Virtual reality — a staple of video games and Hollywood films — is moving closer to retail business deployment.
And when that days arrives, a Las Vegas trade show will have played an important role.
Meet Mary Spio, president of Next Galaxy Corp. She was named — along with Oprah Winfrey and LeBron James — as among the History Makers in the Making by NBC News and Grio. Spio started her career as a deep-space engineer, working with companies such as Boeing, Digital Cinema, Intelsat and Aerospace Corp. developing technologies that have changed media and communications.
Now Next Galaxy is planning to shape the way we sell products and shop.
The system works by locating a Virtual Reality website on a smartphone and then connecting that smartphone to a virtual reality headset. Once the headset is activated, the wearer is transported to a three-dimensional world complete with what they call 360 spatialized audio that enables listeners to perceive sounds within a complete spherical soundscape. The complete virtual reality headset sells for less than $200.
The logical first step for this technology is video games and entertainment. Next Galaxy is working with concert promoters to film events with multiple cameras that will allow the viewer to see performances just as if you had front row tickets, or from the stage perspective just as if you were part of the show.
For retail businesses, this technology is bringing customers inside the store to view inventory that is on the shelf, just as if the customer were standing in front of the display. The only things they can’t do is touch or grasp the item.
Richline Group, a Berkshire Hathaway subsidiary, used Next Galaxy to develop a virtual reality presentation during the annual JCK jewelry convention here in Las Vegas. Conventioneers were able to see high-resolution 3-D images of each jewelry piece in the collection from every angle possible.
That experiment has led Berkshire Hathaway to consider using virtual reality in its real estate division as well. In fact, Next Galaxy is working with several prominent real estate companies to develop a way to virtually show each of the homes they list.
There are two ways to capture virtual reality images. The first and least expensive is by using a 360-degree camera. The drawback to this technology is that the viewer is walked through a structure such as a home for sale based upon the path that the photographer took when filming. The viewer can still stop and turn 360 degrees in each room, just as if they were standing in the middle. Audio can be added to narrate the tour. The cost for this type of product would start at $5,000.
More advanced filming comes with 3-D stereoscopic video. This technology lets viewers control their own movements. With this technology, viewers can randomly move from one room to another or walk closer to features such as countertops and fireplaces for close-up inspection. The 3-D stereoscopic technology uses laser technology to decipher distance and angles. This flexibility carries a heftier price, starting around $15,000.
Spio said, “The difference between VR and normal video is that we have been looking through a straw. Now you remove the straw and you have full center and peripheral vision just as if you were actually standing in the room.
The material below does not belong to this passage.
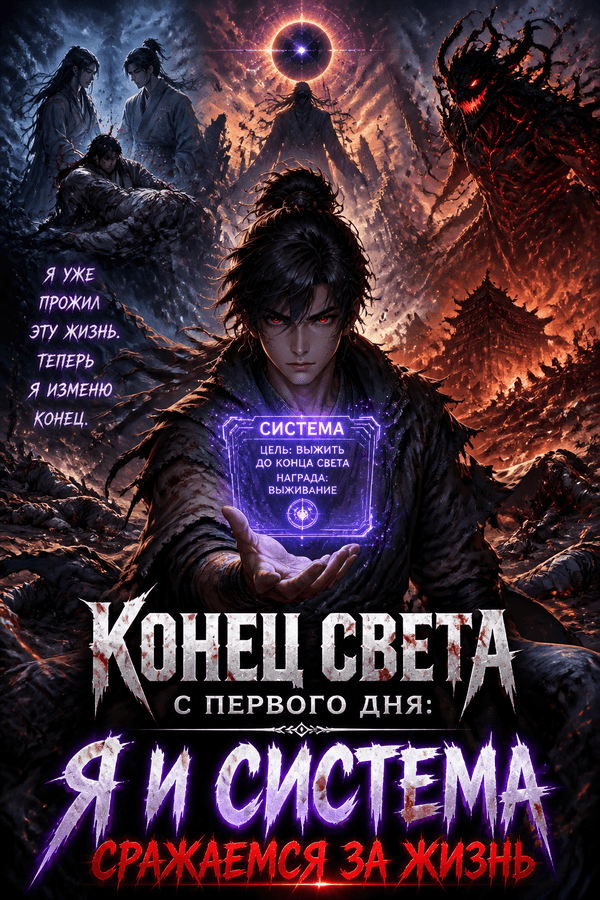 Конец света с первого дня: я и система сражаемся за жизнь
“This technology is ideal for companies with clients that are located in different countries or parts of the U.S.; they can view your entire real estate inventory from the convenience of their home.”
The technology is useful for resort condominium projects as each floor plan can be viewed from anywhere in the world.
Businesses probably won’t jump on the virtual reality bandwagon to display low-end products. But with advancing technology and declining costs, virtual reality may be the normal reality for entire catalog collections in a few short years.